Fondato a Racalmuto nel 1980

Racalmuto, quel sepolcro dimenticato

Si trova in un angolo della chiesa del Carmelo. Era la sepoltura del priore che fece costruire nel ‘500 il convento dei carmelitani.

Entrando nella chiesa del Carmelo non si può fare a meno di sfiorare con lo sguardo il sarcofago di granito dove è sepolto Girolamo II Del Carretto, signore della terra di Racalmuto, assassinato nel 1622. Questo sarcofago, a quanto pare, fu trasferito dalla chiesa di San Francesco per volere della povera vedova Beatrice di Ventimiglia. Ma non siamo qui oggi per riecheggiare antiche vicende e misteri legati a questa sepoltura e alle mille storie ad essa legate.

C’è un’altra sepoltura assai importante, in questo luogo. Così come ce n’erano in tutte le chiese del paese. Una sepoltura quasi dimenticata. Laggiù, a destra dell’altare centrale, ai piedi della grande pala di Pietro D’Asaro dedicata al Crocifisso con i suoi santi Ausiliatori, si trova a terra l’iscrizione sepolcrale di un personaggio importante per la storia locale. La lapide è un po’ danneggiata per i tanti traslochi avvenuti nel corso dei decenni. Sotto questa lastra di marmo riposavano le ossa di Padre Paolo Fanara, priore per 46 anni. Un frate racalmutese, come ci ricorda lo storico Calogero Taverna, molto attivo anche nel sociale. Fu lui a chiedere l’autorizzazione a realizzare una “fera franca“, una fiera – ne resistono ancora tante in tutta la Sicilia – da svolgersi la terza domenica di luglio in occasione della festa dedicata alla Madonna del Carmine.
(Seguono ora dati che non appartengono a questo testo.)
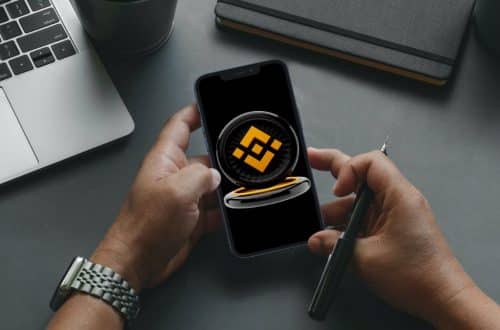 Binance Not Planning Layoffs, Set to Hire 500 People in H1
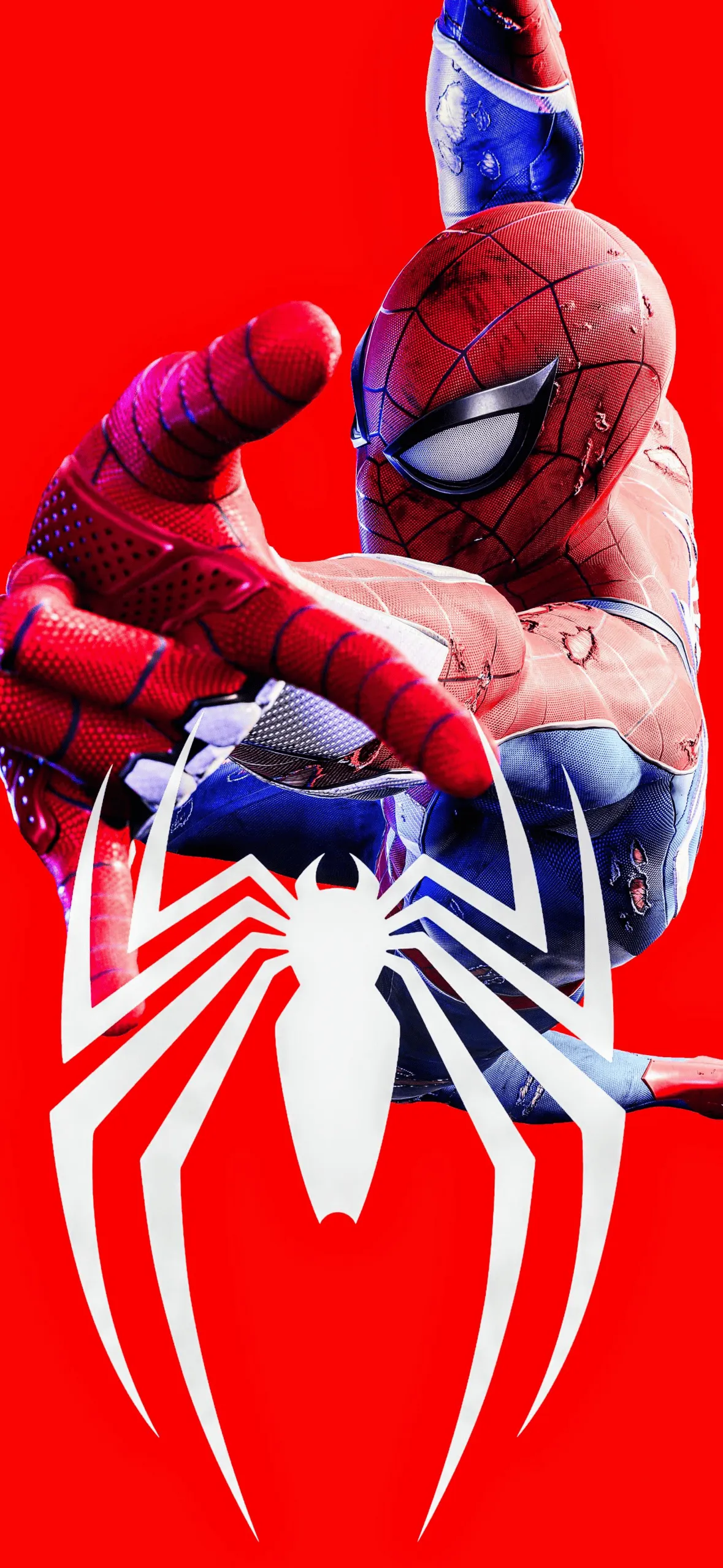 iPhone 16 Wallpaper. iPhone 16 Background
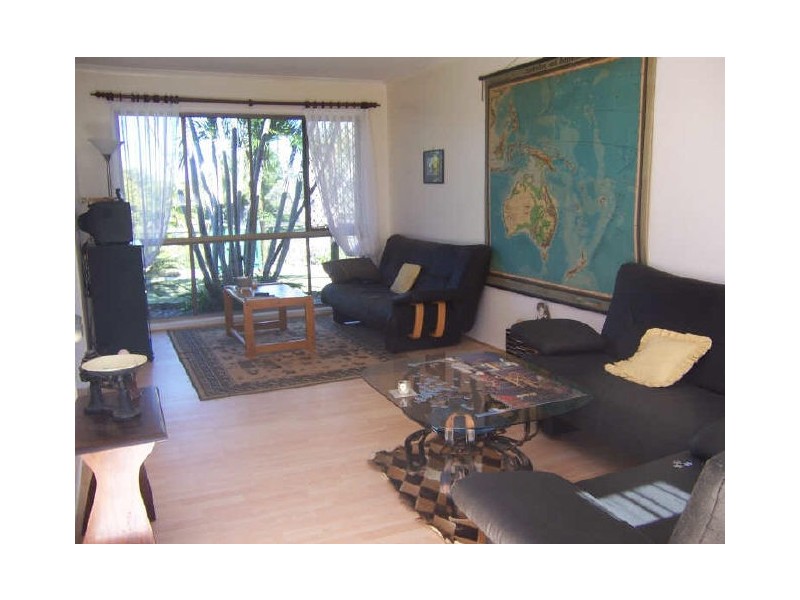 6 Langdon Street, Tannum Sands QLD 4680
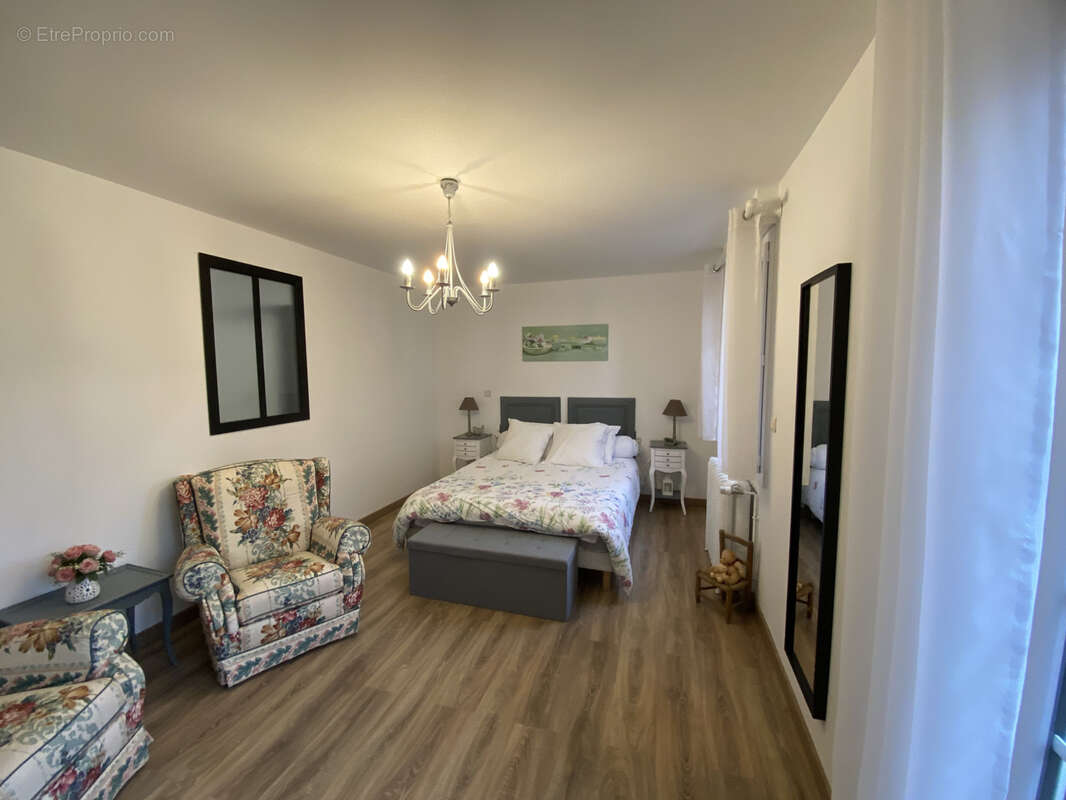 Maison à OURVILLE-EN-CAUX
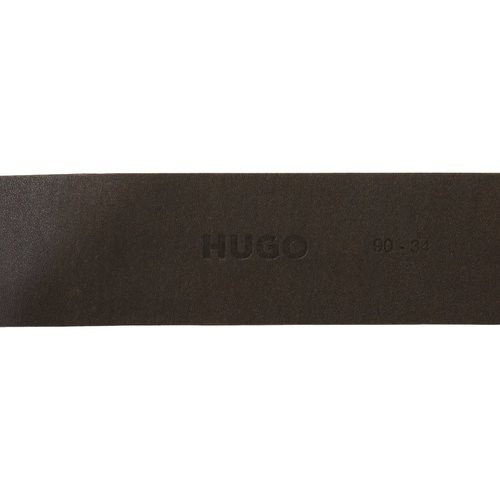 rep product image6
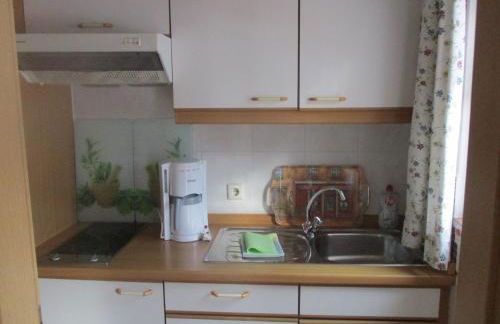 Haus Schmauß - Chiemgau Karte - Foto 7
Durante il suo priorato, tra il 1575 e il 1621, fece ampliare la chiesa, ma soprattutto fece edificare il convento dei carmelitani. Era un “convento nobile e antico”, scrivono gli storici, dove vivevano una decina di frati. La preziosa lastra di marmo seicentesca andrebbe valorizzata e protetta, commentava in questi giorni Carmelo Mulè, promotore diversi anni fa della sezione dell’Archeoclub di Racalmuto, l’assessore comunale che nell’82 fece ristampare le “Memorie e Tradizioni” di Tinebra Martorana. Ci vorrebbe qualcosa, dunque, che delimiti questo spazio per proteggere quel che resta di questo sepolcro dove ancora si riescono a decifrare le parole in latino tradotte per noi da Raimondo La Valle e Maria Paola La Vecchia:

Paolo Fanara innalzò questa Chiesa, la rese grande, la adornò di Immagini Sacre, e curò, da cima a fondo ogni cosa con grande perizia, l’edificazione di questo coperchio funebre. Visse 71 anni ed è stato posto nell’anno proprio di salvezza 1621 per dignità sua nell’anno 46mo del suo priorato. Si è addormentato nel Signore.

Un’attrazione in più per i tanti pellegrini della Magna Via Francigena che passano da Racalmuto e spesso alla ricerca di piccole storie come quella di Fra Paolo o dello stesso Del Carretto. Così come sarebbe importante raccontare – tanto per restare in questa chiesa e secondo quanto ci diceva il professor Giuseppe Nalbone, autore tra l’altro di un importante libro sulla storia dei luoghi sacri del paese – che qui si conservava (o si conserva?) la Reliquia della Santa Croce donata nel 1929 dallo zio gesuita, il P. Francesco Di Paola Nalbone, il “papa nero”, uomo di punta nelle sfere ecclesiastiche italiane e non solo.